For sites dedicated to preserving the past, museums and national historic sites sure go through a lot of change. At the Gulf of Georgia Cannery, we’re celebrating the second week of our new temporary exhibit Ryoshi, which traces the history of Japanese fishing on B.C.’s coast. Meanwhile, upstairs in the can loft, we’re doing something of a different nature: de-accessioning old artifacts from our collections to clear up some space and filter through objects that are less pertinent to the mandate and have accumulated over the building’s 119-year history (picture “Cans Through the Ages,” a temporary exhibit showcasing the Cannery’s extensive collection of toilet bowls…not likely to happen so long as our sense of dignity prevails). But while most of the work upstairs is unlikely to ruffle any feathers, decisions about what to include or remove from collections can often be controversial. Case in point: the Canadian Museum of Civilization in Gatineau, Quebec’s recent decision to remove the wooden gill netter “Nishga Girl” from one of its permanent displays.
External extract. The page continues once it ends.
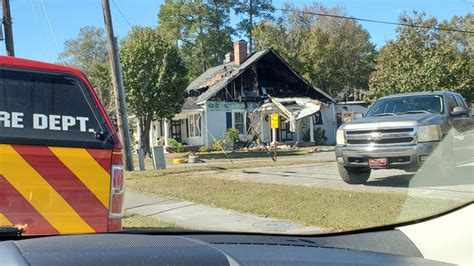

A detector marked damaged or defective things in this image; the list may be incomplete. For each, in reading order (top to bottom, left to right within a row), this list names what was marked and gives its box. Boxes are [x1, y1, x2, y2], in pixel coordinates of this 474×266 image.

fire-damaged house [148, 40, 336, 149]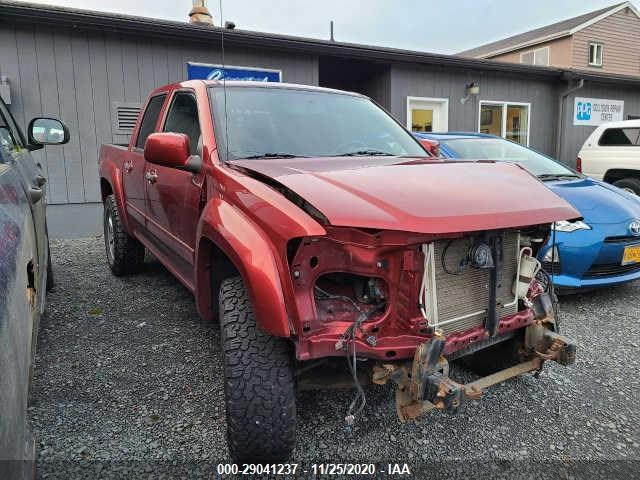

Sailed near Prince Rupert for 22 years until 1990, the boat was until recently the museum’s centrepiece in a display dedicated to the history of salmon fishing and canning on the west coast (inspired by none other than the town of Steveston). Its removal means that visitors to Gatineau will be learning a little less about the diverse history we interact with in all its vicissitudes at the cannery. Equally central to the controversy, however, is the history of the artifact itself, which was donated to the museum in 1998 by Nisga’a Chief Harry and Deanna Nyce with contributions from the Japanese-Canadian community towards transportation costs. Needless to say, some are displeased with the decision. Ken Noma of the National Association of Japanese Canadians, for one, has called the move “a tremendous insult,” adding “If you were to have a gift returned to you, how would you feel?” So, blog readers, what do you think? Is the removal of the boat just a normal part of museum life? Or is it simply too important, for historical or moral reasons, to get rid of?